Content starts

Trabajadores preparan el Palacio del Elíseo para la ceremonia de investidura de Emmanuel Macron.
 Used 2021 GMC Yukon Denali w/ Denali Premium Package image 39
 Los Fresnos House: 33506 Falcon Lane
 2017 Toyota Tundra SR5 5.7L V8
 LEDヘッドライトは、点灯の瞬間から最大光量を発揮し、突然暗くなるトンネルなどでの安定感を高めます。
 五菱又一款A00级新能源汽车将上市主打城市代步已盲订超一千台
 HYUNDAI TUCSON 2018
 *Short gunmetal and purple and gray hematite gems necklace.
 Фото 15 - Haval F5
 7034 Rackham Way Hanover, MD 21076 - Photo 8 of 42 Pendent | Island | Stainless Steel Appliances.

Content ends

## YOUR OBJECTIVE
Keeping every line exactly as it is, retype the entries shown above.

## TASK OUTPUT
Trabajadores preparan el Palacio del Elíseo para la ceremonia de investidura de Emmanuel Macron.
 Used 2021 GMC Yukon Denali w/ Denali Premium Package image 39
 Los Fresnos House: 33506 Falcon Lane
 2017 Toyota Tundra SR5 5.7L V8
 LEDヘッドライトは、点灯の瞬間から最大光量を発揮し、突然暗くなるトンネルなどでの安定感を高めます。
 五菱又一款A00级新能源汽车将上市主打城市代步已盲订超一千台
 HYUNDAI TUCSON 2018
 *Short gunmetal and purple and gray hematite gems necklace.
 Фото 15 - Haval F5
 7034 Rackham Way Hanover, MD 21076 - Photo 8 of 42 Pendent | Island | Stainless Steel Appliances.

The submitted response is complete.